Despite his status as an outcast at school, Charles excelled scholastically, particularly in math. He attended Oxford where he received first-class honors in Mathematics and won the Christ Church Mathematical Lectureship upon graduation in 1855, which he held for 26 years.
But Dodgson was also a poet and writer, contributing often to the family magazine Mischmasch, among others. He wrote mostly short, humorous pieces and satire, but with a romantic poem, ‘Solitude, ‘ written under his pen name ‘Lewis Carroll, ‘ he finally received real recognition.

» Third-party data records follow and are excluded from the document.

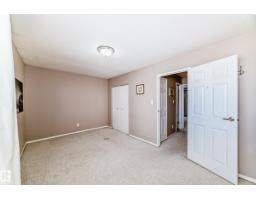 100 Dickinsfield Ct Nw, Edmonton, AB T5V5V8 Photo 26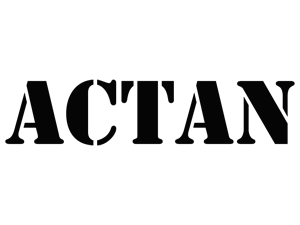 اكتان actan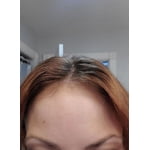 Image 9 of customer photos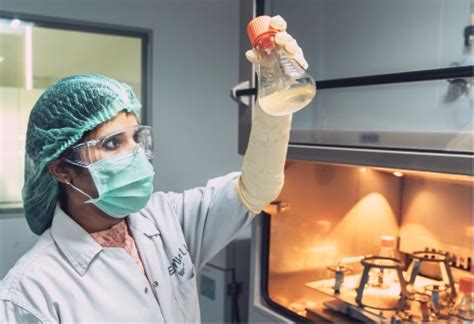 Biologics Formulation Development に対する画像結果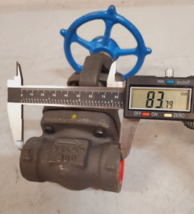 Item image 13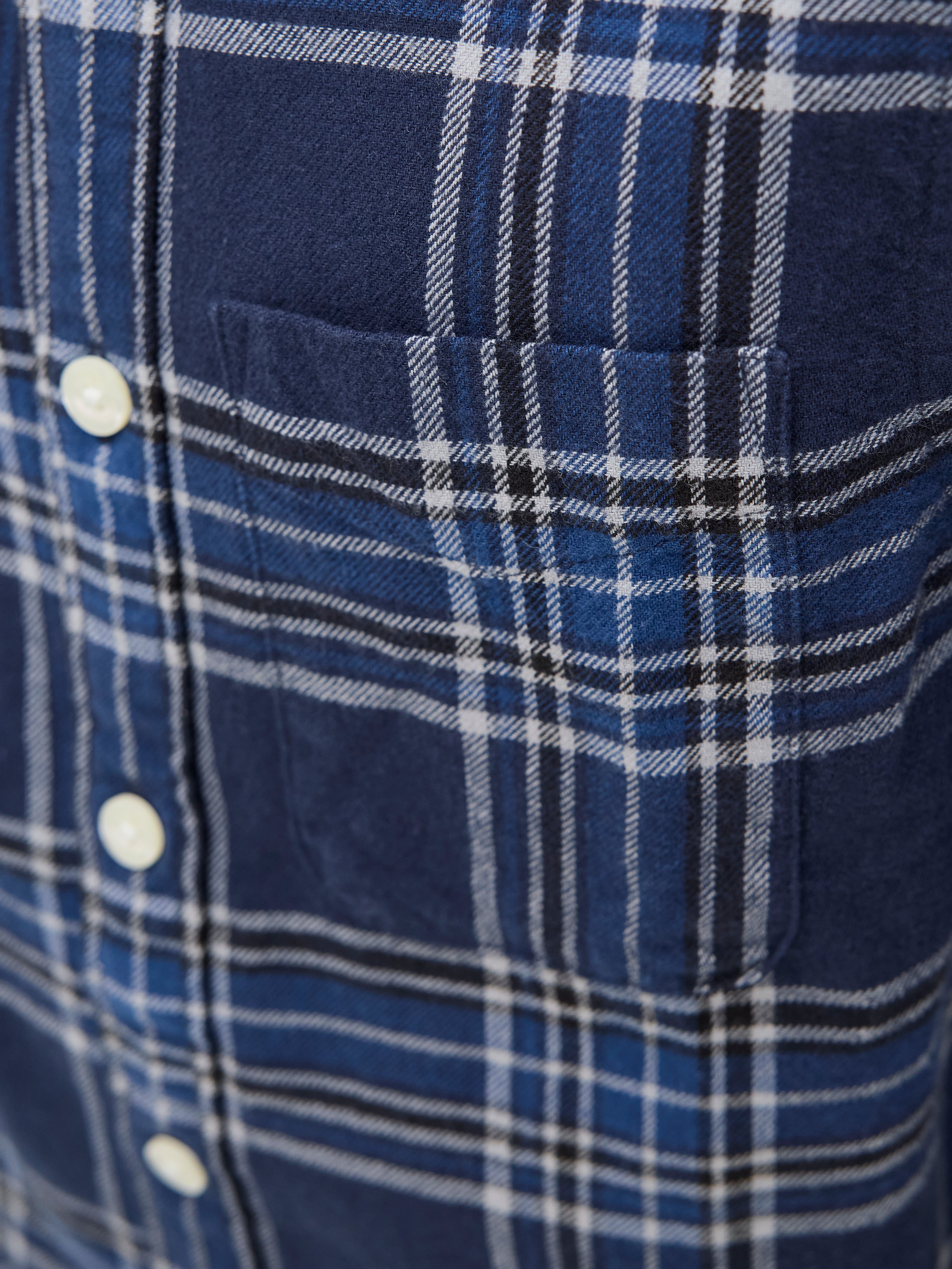 Regular Fit Shirt | Jack & Jones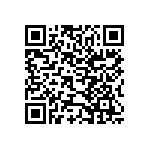 Y14422K35500B0L QRCode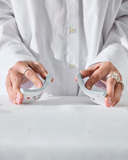 a15ef061eb28a877a163aac50d1bbe98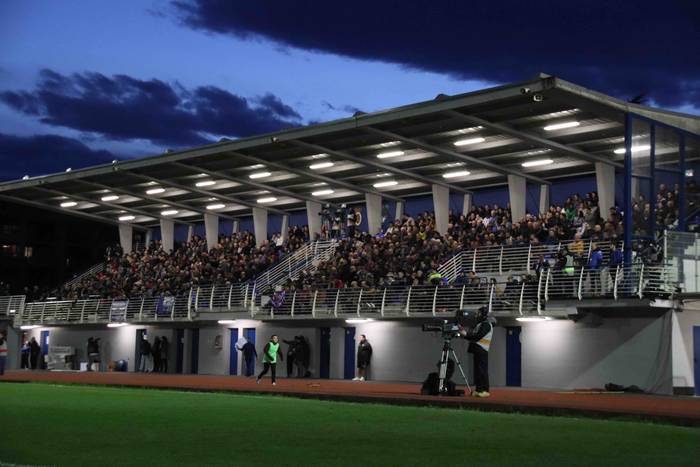 Festa nagusitu da 16 1576699824214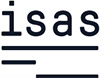 Leibniz-Institut für Analytische Wissenschaften – ISAS – e.V.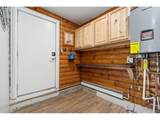 12743 Rist Canyon Rd - Photo 24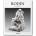 Rodin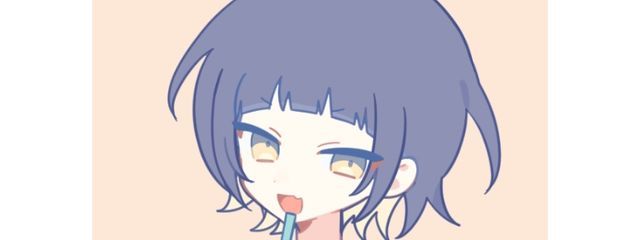 しりすさんの壁紙画像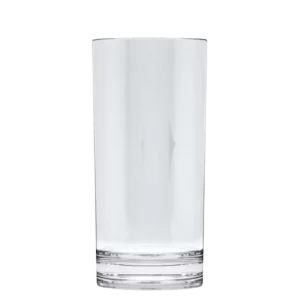 Highball Poly 400ml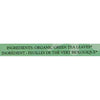 Uncle Lee'S Tea Organic Green Tea,UNCLE LEE'S TEA,OxKom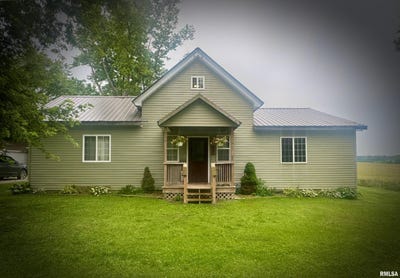 /international/us/442-w-oak-street-smithfield-il-110100241870/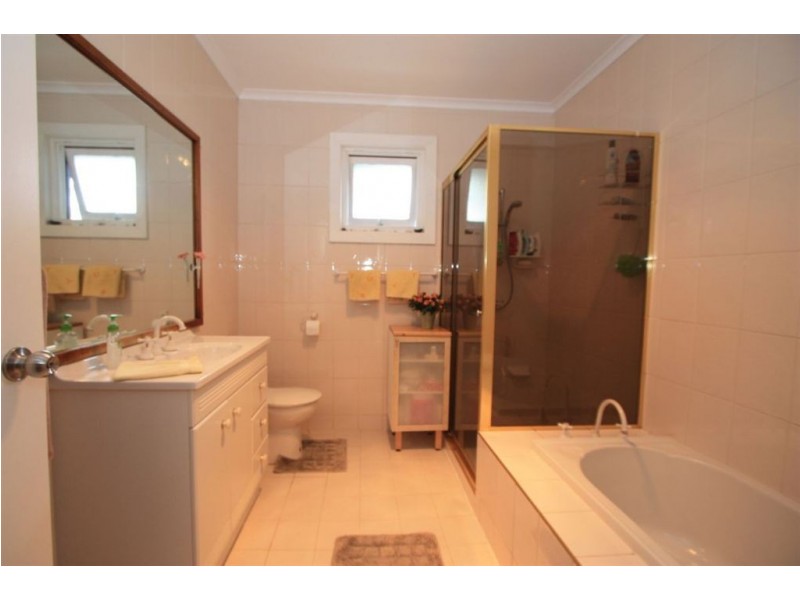 824 Military Road, North Haven SA 5018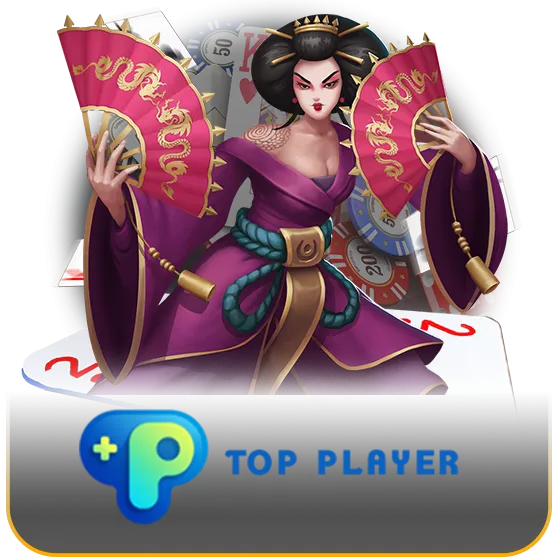 game bài new88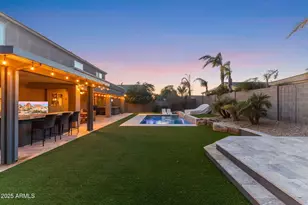 1918 W Bonanza Ln, Phoenix, AZ 85085 - Photo 35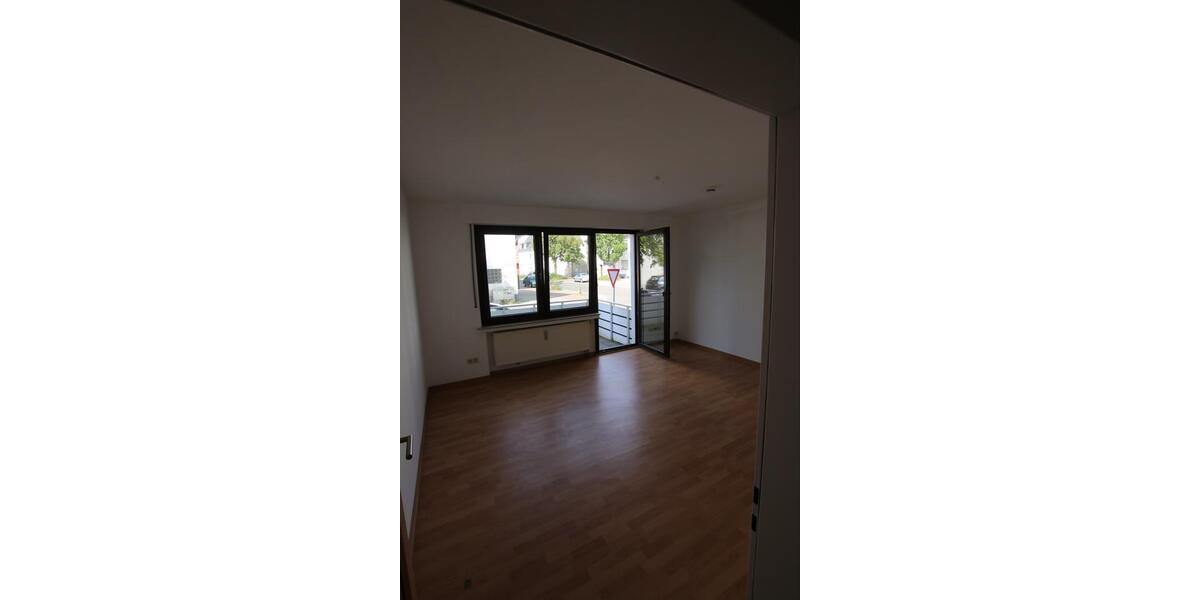 1-Zimmer Wohnung 1 zimmer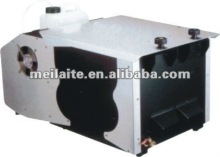 M-2082 3000W Low Fog Machine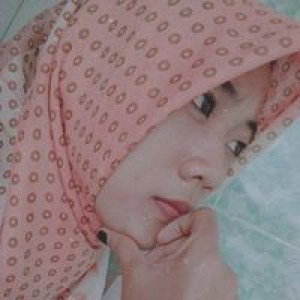 Nurul Hidayah profile icon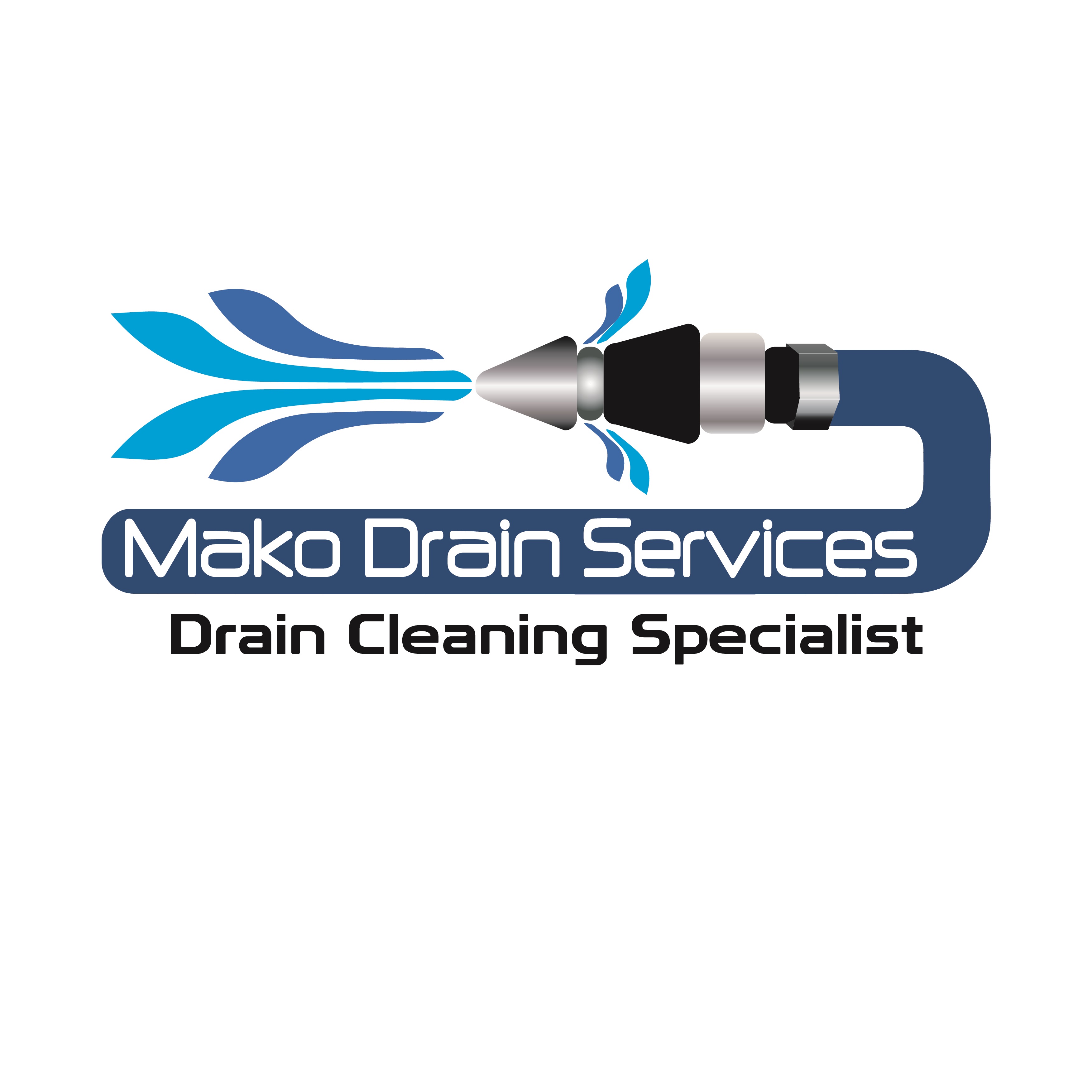 Mako Drain Services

Befriending the new Dean of Christ Church, Henry Liddell, Dodgson grew to know the Liddell children, including the youngest, Alice. For her, he created the fantastical tale of Alice and her adventures ‘under ground, ‘ which was later refined and published as ‘Alice’s Adventures in Wonderland.’
After the overwhelming success of the first Alice book, Dodgson published his sequel, ‘Through the Looking-Glass and What Alice Found There, ‘ which proved to be just as popular. Of his other literary works, his most beloved is the nonsense poem ‘The Hunting of the Snark.’
An inventor, amateur photographer and prolific correspondent, Dodgson died of pneumonia after a bout of influenza on January 14, 1898 and is buried at the Mount Cemetery in Guildford.